Par : Abdelilah Anqir
Casablanca, 20 novembre 2025 – Enquête exclusive pour La Presse Marocaine

L’histoire, lorsqu’elle est revisitée loin des récits simplifiés, révèle que la Première Guerre mondiale n’a pas été seulement un affrontement entre puissances, mais aussi une scène d’intrigues où les Arabes payèrent l’un des prix politiques les plus lourds de leur histoire moderne. Des déserts d’Arabie aux bureaux secrets de Londres, les faits s’entremêlent pour dessiner un tableau dont les répercussions se font sentir jusqu’à aujourd’hui.

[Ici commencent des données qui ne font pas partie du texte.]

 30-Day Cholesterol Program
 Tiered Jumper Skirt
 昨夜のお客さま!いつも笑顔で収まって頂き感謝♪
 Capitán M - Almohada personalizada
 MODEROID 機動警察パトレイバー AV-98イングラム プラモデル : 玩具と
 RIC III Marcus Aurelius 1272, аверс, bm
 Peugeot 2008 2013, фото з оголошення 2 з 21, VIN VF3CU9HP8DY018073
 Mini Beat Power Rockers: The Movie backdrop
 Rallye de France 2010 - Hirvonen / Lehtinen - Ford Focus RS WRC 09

Cette enquête s’appuie sur les mémoires de Thomas Edward Lawrence, plus connu sous le nom de “Lawrence d’Arabie”, qui rapporte dans Les Sept Piliers de la Sagesse (1926) les détails du sabotage de la ligne de chemin de fer Istanbul – Médine en 1917. Lawrence raconte avoir posé sa main sur les rails piégés avant l’explosion en déclarant : « J’avais l’impression de toucher l’artère qui reliait les Turcs aux Arabes ; en la faisant sauter, nous l’avons sectionnée. » Un témoignage conservé aujourd’hui dans les archives britanniques.

Cependant, cette version britannique ne dissimule pas les limites de la contribution arabe. Lawrence décrit des combattants arabes “indisciplinés”, incapables de garder le silence même dix minutes, ce qui faillit compromettre l’opération. Après l’explosion, certains se mirent à récupérer des débris du train, négligeant la mission principale. Des analyses militaires publiées en 1930 dans The British Army Review y voient une illustration du manque de coordination arabe durant cette phase décisive.

L’enquête s’élargit avec les travaux de l’historien britannique Imayoun Dunsan, auteur de La Chute d’Istanbul (1964). Il affirme que la révolte arabe, nourrie par les promesses britanniques d’un grand État arabe unifié, fut l’un des principaux facteurs qui accélérèrent l’effondrement de l’Empire ottoman. Le chérif Hussein reçut la promesse d’un royaume allant de Damas à Sanaa, mais après la disparition du califat en 1924, Londres et Paris abandonnèrent cet engagement au profit de l’accord Sykes–Picot (1916), ouvrant la voie à la colonisation. Un scénario confirmé par les documents de l’ONU sur le partage du Moyen-Orient (1947).

Dunsan formule une question lourde de sens : « Comment l’Occident pourrait-il faire confiance à un peuple qui s’est retourné contre ses frères et contre l’État qui les unissait ? » Une interrogation appuyée par des archives ottomanes d’Istanbul, montrant que la révolte arabe a durablement terni la crédibilité politique des Arabes sur la scène internationale.

Un siècle plus tard, les dérives persistent à travers des récits historiques tronqués qui envahissent les réseaux sociaux. Une étude de l’Université du Caire (2023) révèle que 60 % du contenu historique diffusé sur TikTok contient des déformations majeures servant des agendas politiques modernes.

Comprendre l’histoire n’est pas un exercice de confrontation, mais un impératif pour saisir les complexités du présent. Comme le rappelle l’historien Eric Hobsbawm, les nations qui oublient leur histoire authentique s’exposent à ce que d’autres la réécrivent à leur place. Cette enquête appelle donc à revenir aux sources originales, afin de restaurer une mémoire collective menacée par la désinformation.